In northern Iraq, thousands of members of the Yazidi religious minority remain stranded in the mountains outside the town of Sinjar, which the Islamic State group captured earlier this month. The Islamic extremists view the Yazidis as apostates and have vowed to kill all those who do not convert.

The Yazidis' plight has prompted a multinational relief effort, with Iraqi and U.S. planes dropping dozens of crates of food and water. An Iraqi helicopter providing aid crashed near the mountain on Tuesday, killing the pilot, army spokesman Qassim al-Moussawi said in a statement. A New York Times reporter and a freelance photographer survived the crash.

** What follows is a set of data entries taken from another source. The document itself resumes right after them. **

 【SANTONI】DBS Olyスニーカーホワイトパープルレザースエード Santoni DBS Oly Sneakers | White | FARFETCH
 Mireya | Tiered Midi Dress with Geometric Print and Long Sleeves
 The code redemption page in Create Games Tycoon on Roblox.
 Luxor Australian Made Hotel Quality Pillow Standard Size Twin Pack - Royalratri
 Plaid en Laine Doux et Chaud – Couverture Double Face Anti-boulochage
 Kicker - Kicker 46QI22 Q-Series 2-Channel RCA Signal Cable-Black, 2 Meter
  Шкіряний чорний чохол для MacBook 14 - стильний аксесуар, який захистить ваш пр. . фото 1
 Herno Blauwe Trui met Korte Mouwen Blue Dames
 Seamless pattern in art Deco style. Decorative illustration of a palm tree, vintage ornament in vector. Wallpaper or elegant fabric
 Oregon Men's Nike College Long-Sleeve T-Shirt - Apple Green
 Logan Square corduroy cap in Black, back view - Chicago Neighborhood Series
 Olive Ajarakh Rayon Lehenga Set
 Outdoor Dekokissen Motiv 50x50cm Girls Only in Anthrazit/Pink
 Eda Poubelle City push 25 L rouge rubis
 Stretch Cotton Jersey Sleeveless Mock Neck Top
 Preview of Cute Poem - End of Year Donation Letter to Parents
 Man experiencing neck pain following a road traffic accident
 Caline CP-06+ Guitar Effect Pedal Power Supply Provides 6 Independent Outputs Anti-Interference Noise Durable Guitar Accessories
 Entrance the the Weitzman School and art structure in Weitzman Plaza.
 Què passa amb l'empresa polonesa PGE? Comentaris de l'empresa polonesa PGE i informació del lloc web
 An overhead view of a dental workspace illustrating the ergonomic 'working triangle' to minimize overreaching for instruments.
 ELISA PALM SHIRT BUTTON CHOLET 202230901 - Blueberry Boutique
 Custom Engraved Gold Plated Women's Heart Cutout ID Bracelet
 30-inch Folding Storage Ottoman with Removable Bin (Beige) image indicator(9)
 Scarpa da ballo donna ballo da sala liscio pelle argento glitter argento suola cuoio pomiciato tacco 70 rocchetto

The U.S. military has meanwhile targeted the Islamic State group with a series of airstrikes aimed at protecting the Yazidis and slowing the advance of the militants toward Irbil, the capital of the largely autonomous Kurdish region. On Tuesday, a U.S. drone destroyed a militant mortar position threatening Kurdish forces defending refugees near the Syrian border.

Another 130 U.S. troops arrived in Irbil on Tuesday on what the Pentagon described as a temporary mission to assess the scope of the humanitarian crisis on Sinjar Mountain.

Australia's Prime Minister Tony Abbott meanwhile held open the possibility of sending a combat forces to Iraq in addition to military transport aircraft. But Defense Minister David Johnston on Wednesday played down the prospect of an Australian combat force, saying the military had only committed to sending two C-130 Hercules transport planes for humanitarian aid drops to begin within two or three days.